» EXERCISE DIRECTIONS:
Given the records underneath, please repeat exactly the lines from the line with "Foto - Haus" through the line with "胸针 - 其他金属 金色", passing over any picture.
-- EXTRACTED MATERIAL follows --
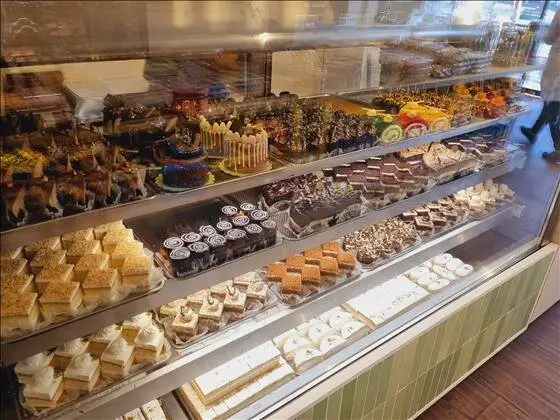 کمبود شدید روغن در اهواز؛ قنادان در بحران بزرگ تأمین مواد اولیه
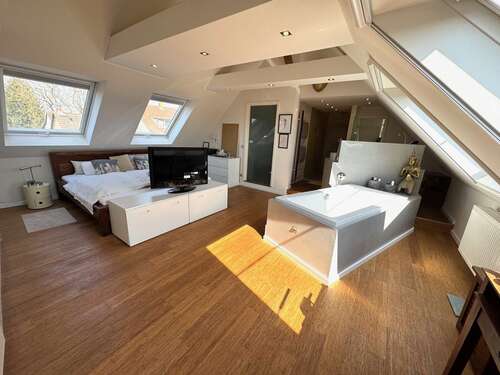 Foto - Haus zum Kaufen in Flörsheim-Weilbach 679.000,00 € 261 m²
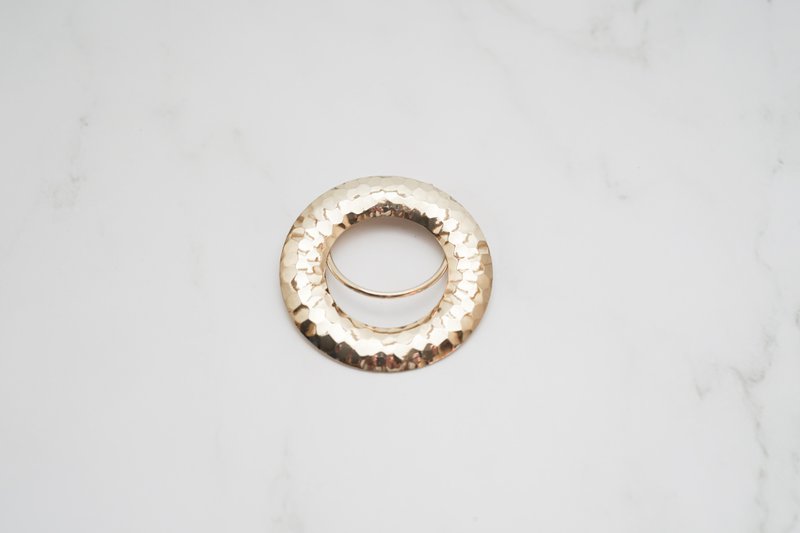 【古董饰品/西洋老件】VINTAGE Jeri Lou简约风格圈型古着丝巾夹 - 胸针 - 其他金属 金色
-- EXTRACTED MATERIAL concluded --
-- EXTRACTED MATERIAL follows --
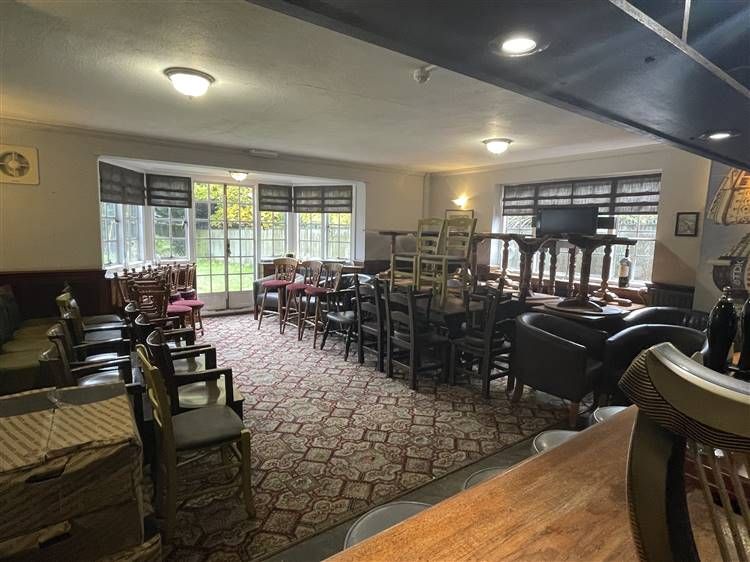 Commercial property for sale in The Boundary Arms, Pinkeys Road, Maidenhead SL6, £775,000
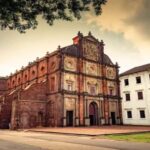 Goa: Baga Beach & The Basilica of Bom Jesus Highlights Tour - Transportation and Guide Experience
-- EXTRACTED MATERIAL concluded --
» YOUR RESPONSE:
 Foto - Haus zum Kaufen in Flörsheim-Weilbach 679.000,00 € 261 m²
 【古董饰品/西洋老件】VINTAGE Jeri Lou简约风格圈型古着丝巾夹 - 胸针 - 其他金属 金色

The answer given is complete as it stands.